→ REQUIRED WORK
Transcribe the data that follows in full. Leave out the pictures.
══════
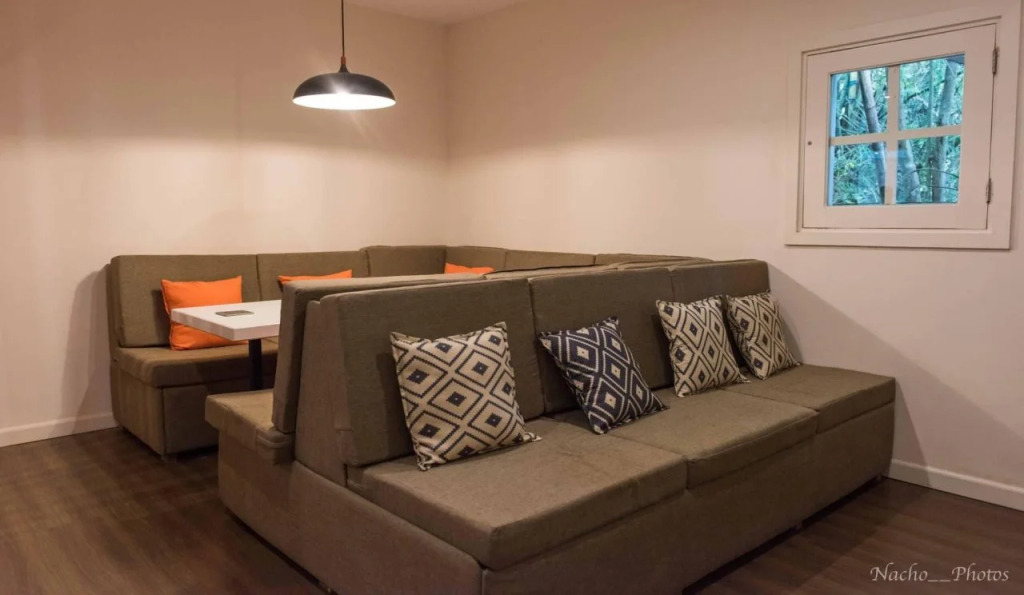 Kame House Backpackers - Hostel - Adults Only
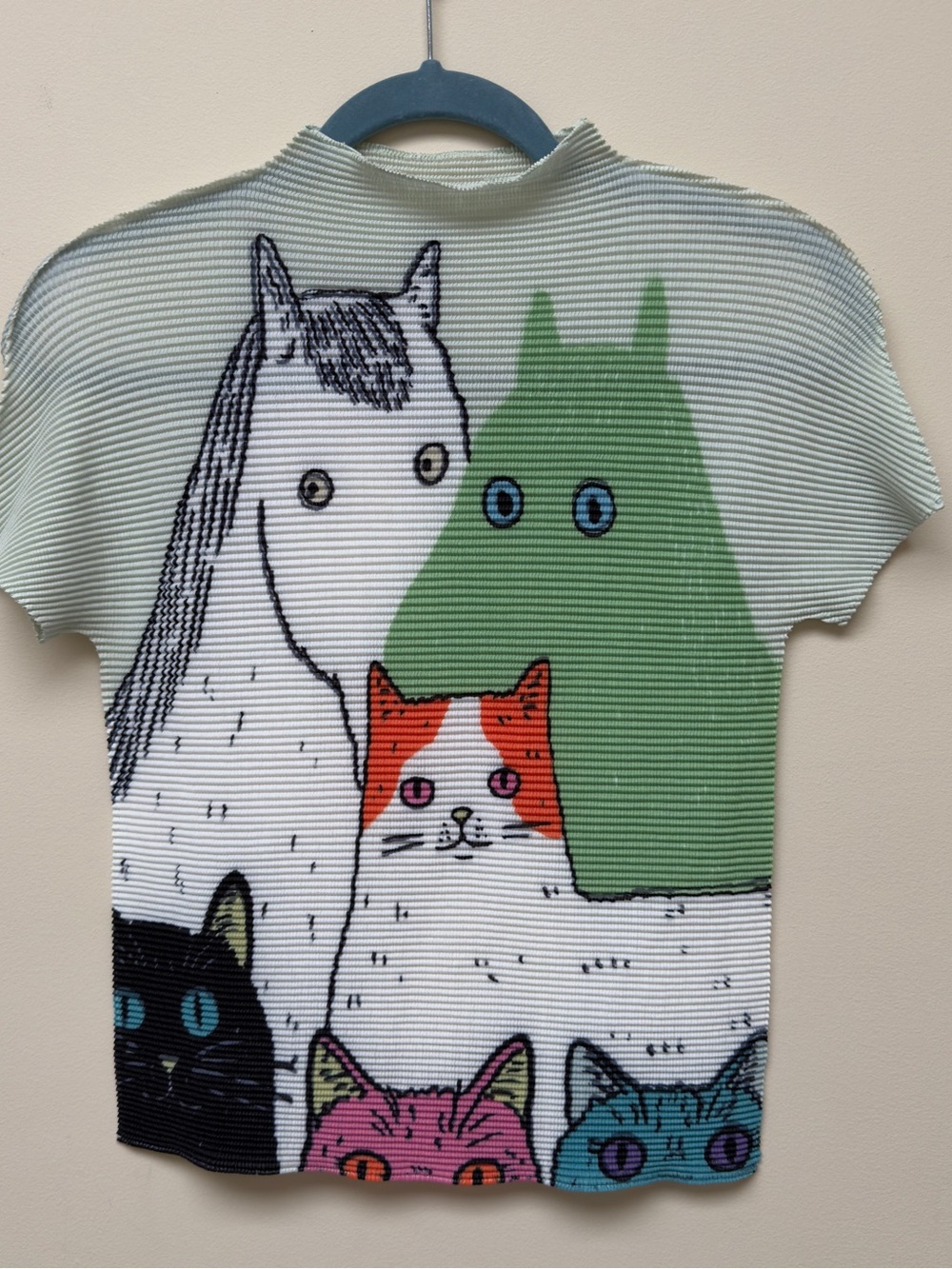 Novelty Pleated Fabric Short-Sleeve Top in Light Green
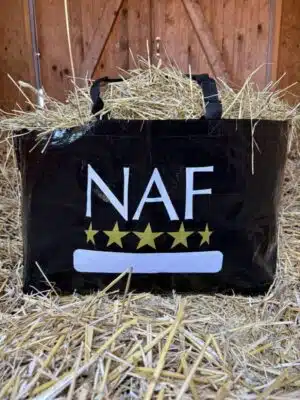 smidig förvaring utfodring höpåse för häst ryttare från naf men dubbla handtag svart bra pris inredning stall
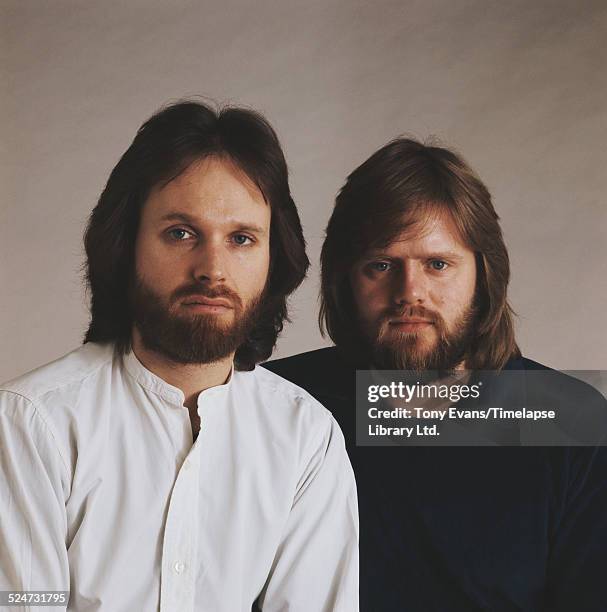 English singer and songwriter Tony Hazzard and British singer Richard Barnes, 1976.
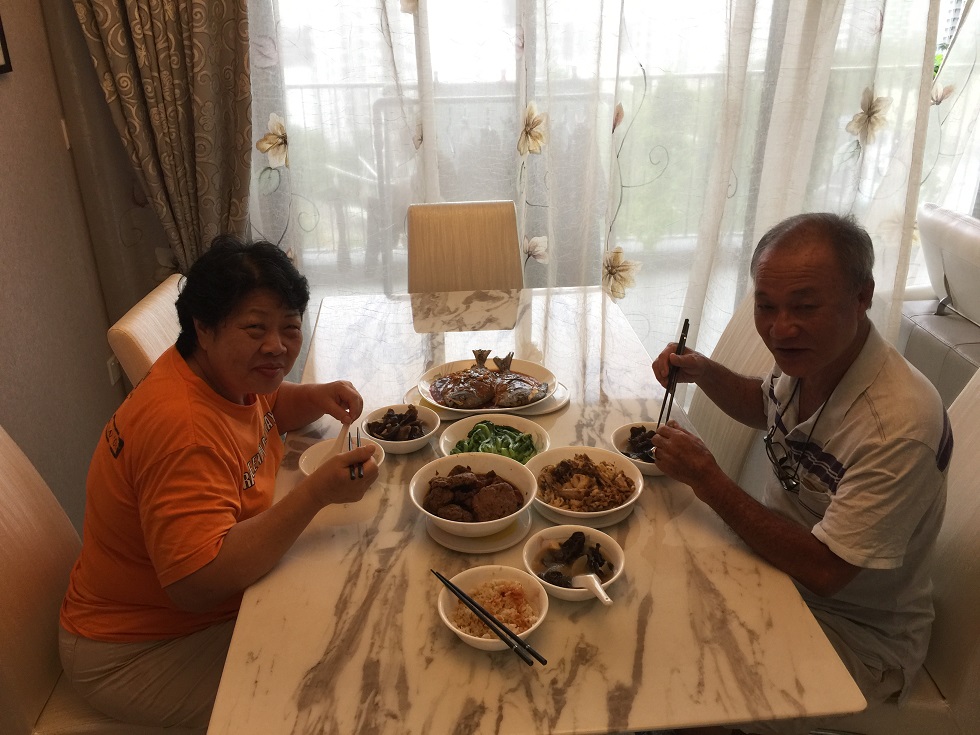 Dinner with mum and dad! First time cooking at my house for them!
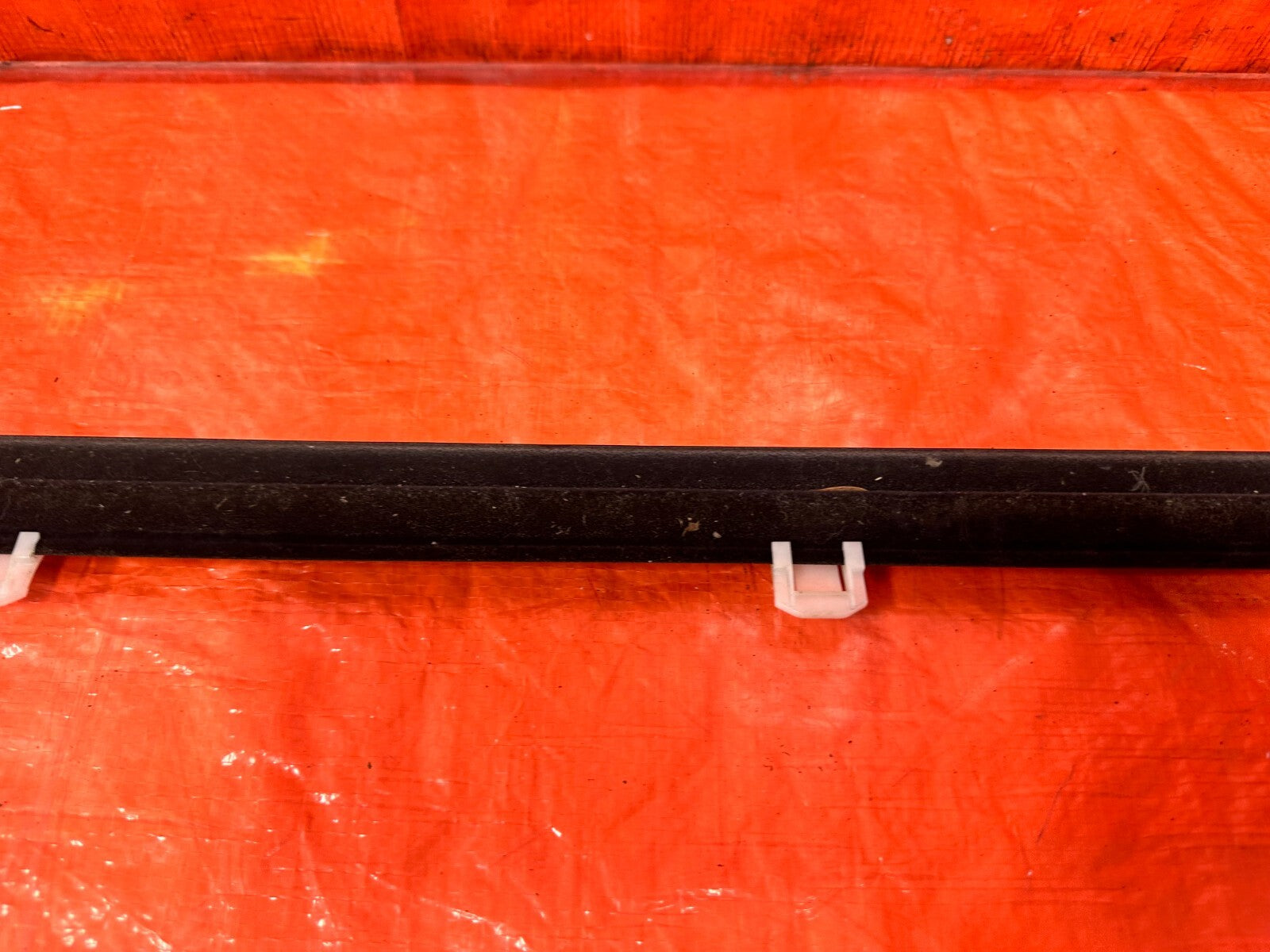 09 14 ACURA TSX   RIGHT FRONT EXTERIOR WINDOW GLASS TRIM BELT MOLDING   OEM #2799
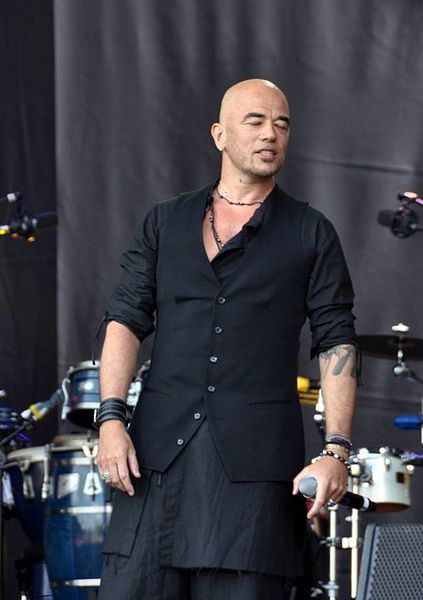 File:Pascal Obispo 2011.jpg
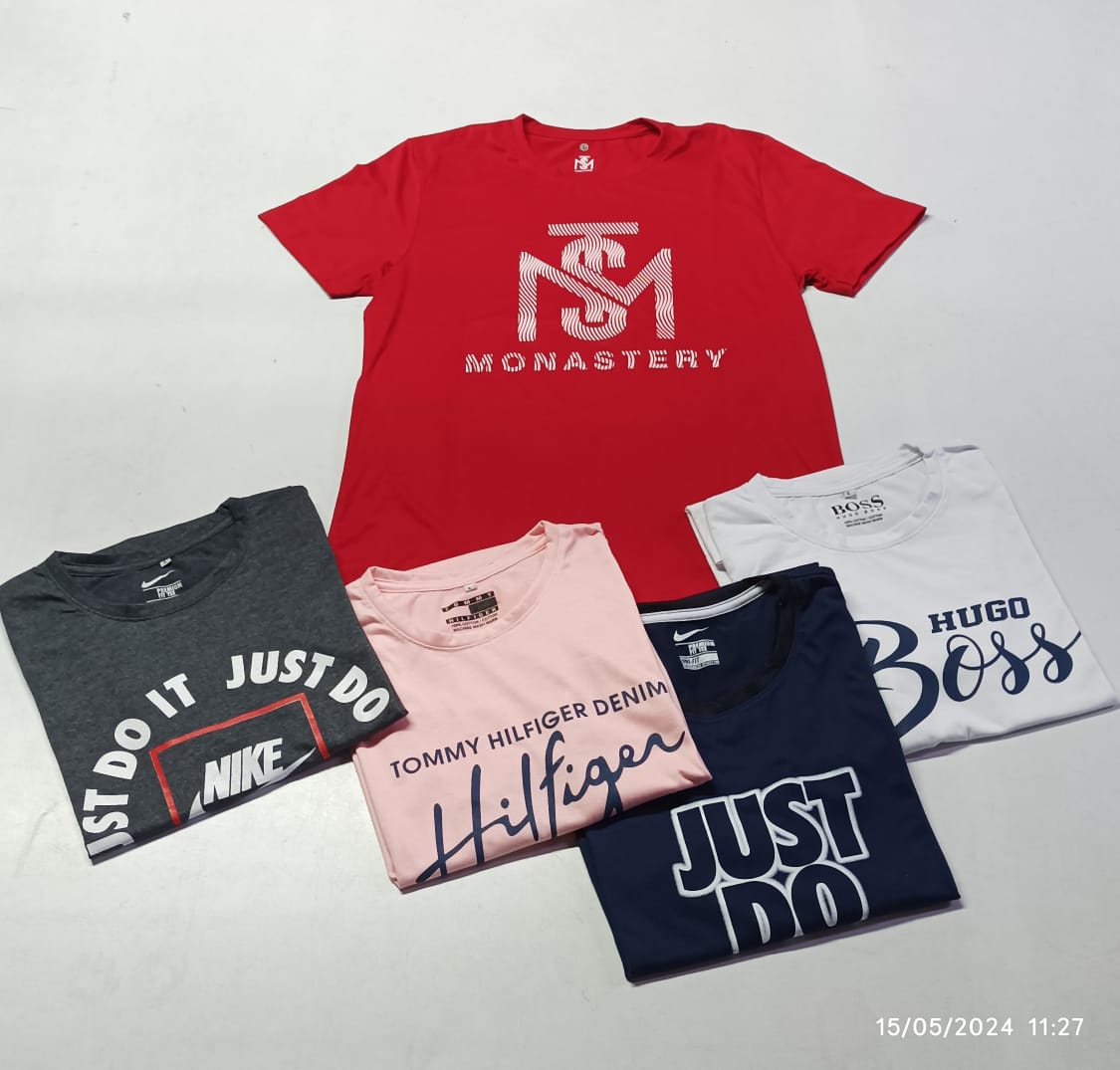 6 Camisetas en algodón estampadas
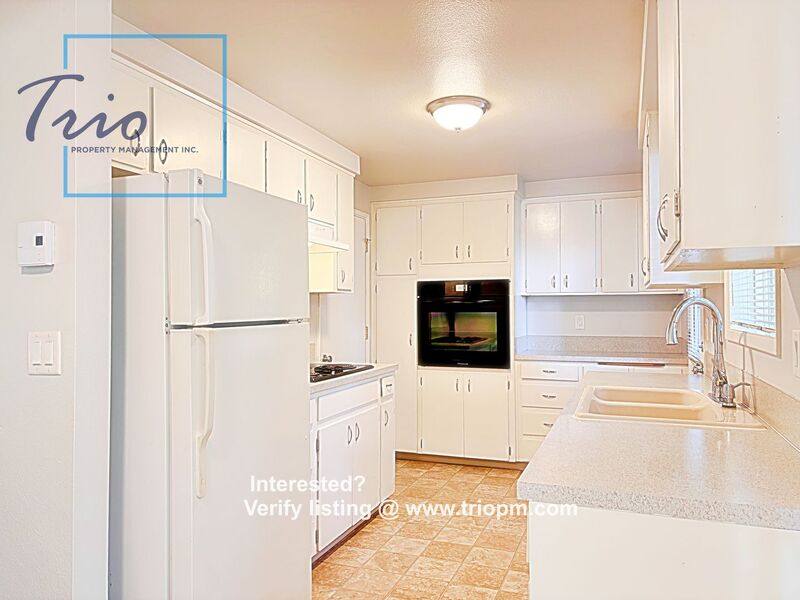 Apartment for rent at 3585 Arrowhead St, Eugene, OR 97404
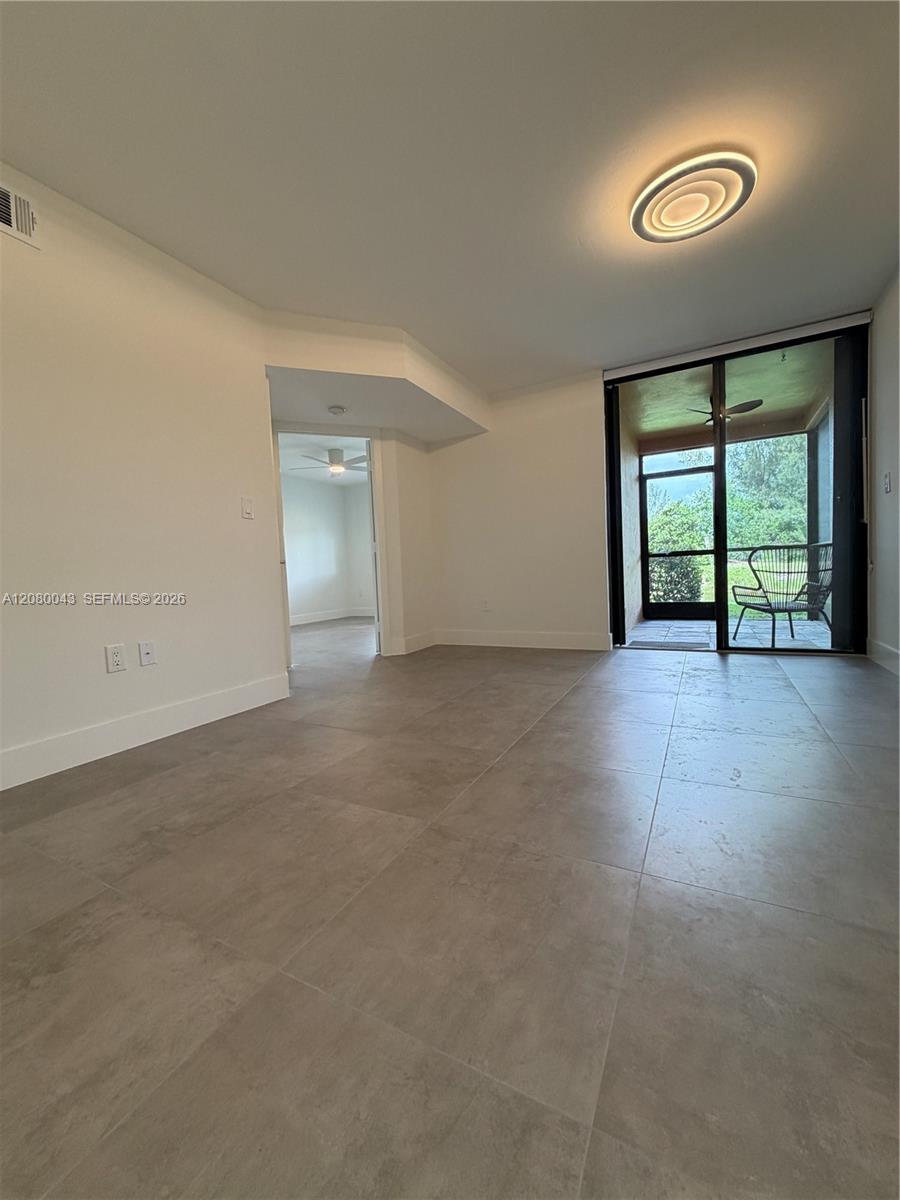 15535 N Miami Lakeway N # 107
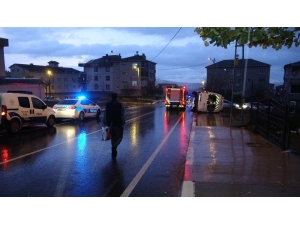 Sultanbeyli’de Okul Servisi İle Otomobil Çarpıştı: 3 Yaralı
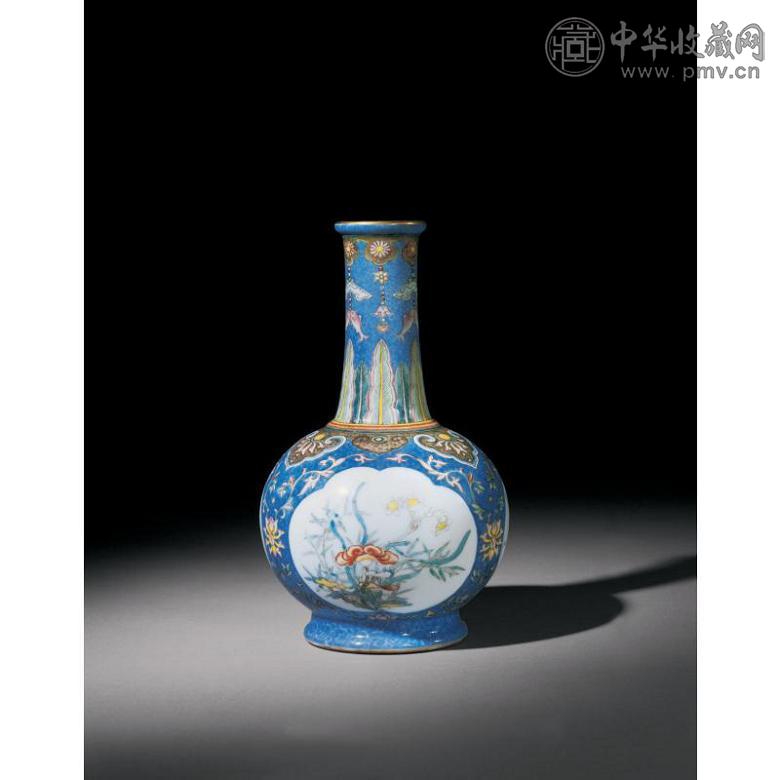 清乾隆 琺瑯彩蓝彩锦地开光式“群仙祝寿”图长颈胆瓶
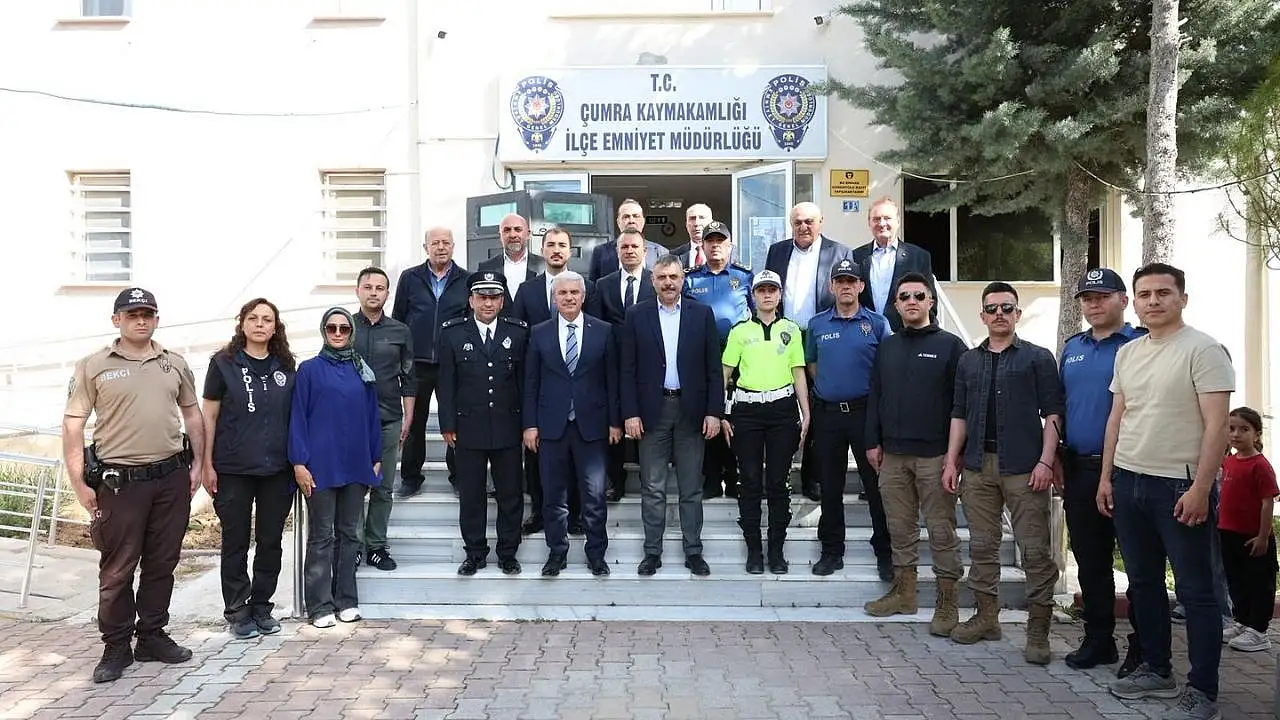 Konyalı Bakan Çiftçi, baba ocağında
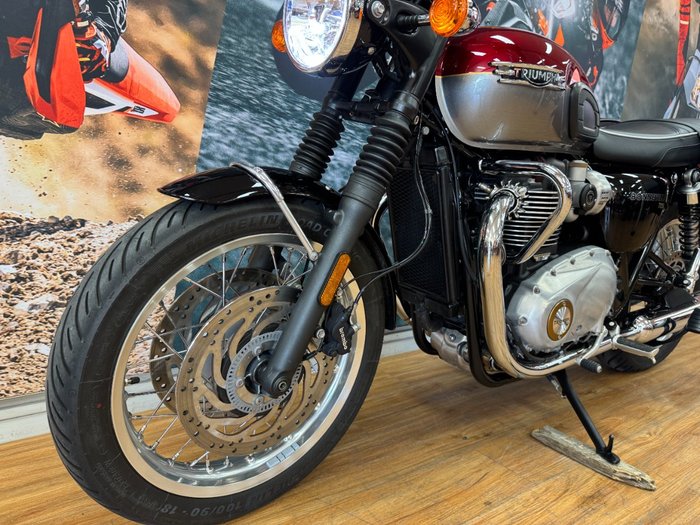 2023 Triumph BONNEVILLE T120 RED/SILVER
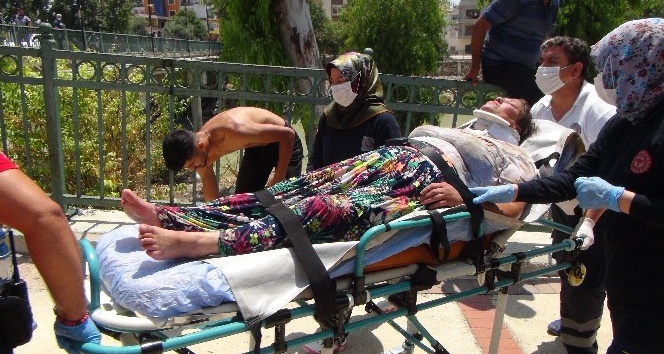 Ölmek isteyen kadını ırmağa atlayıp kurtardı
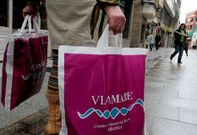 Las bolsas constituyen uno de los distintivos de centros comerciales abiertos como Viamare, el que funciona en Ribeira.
══════
→ WRITTEN SOLUTION
 Kame House Backpackers - Hostel - Adults Only
 Novelty Pleated Fabric Short-Sleeve Top in Light Green
 smidig förvaring utfodring höpåse för häst ryttare från naf men dubbla handtag svart bra pris inredning stall
 English singer and songwriter Tony Hazzard and British singer Richard Barnes, 1976.
 Dinner with mum and dad! First time cooking at my house for them!
 09 14 ACURA TSX   RIGHT FRONT EXTERIOR WINDOW GLASS TRIM BELT MOLDING   OEM #2799
 File:Pascal Obispo 2011.jpg
 6 Camisetas en algodón estampadas
 Apartment for rent at 3585 Arrowhead St, Eugene, OR 97404
 15535 N Miami Lakeway N # 107
 Sultanbeyli’de Okul Servisi İle Otomobil Çarpıştı: 3 Yaralı
 清乾隆 琺瑯彩蓝彩锦地开光式“群仙祝寿”图长颈胆瓶
 Konyalı Bakan Çiftçi, baba ocağında
 2023 Triumph BONNEVILLE T120 RED/SILVER
 Ölmek isteyen kadını ırmağa atlayıp kurtardı
 Las bolsas constituyen uno de los distintivos de centros comerciales abiertos como Viamare, el que funciona en Ribeira.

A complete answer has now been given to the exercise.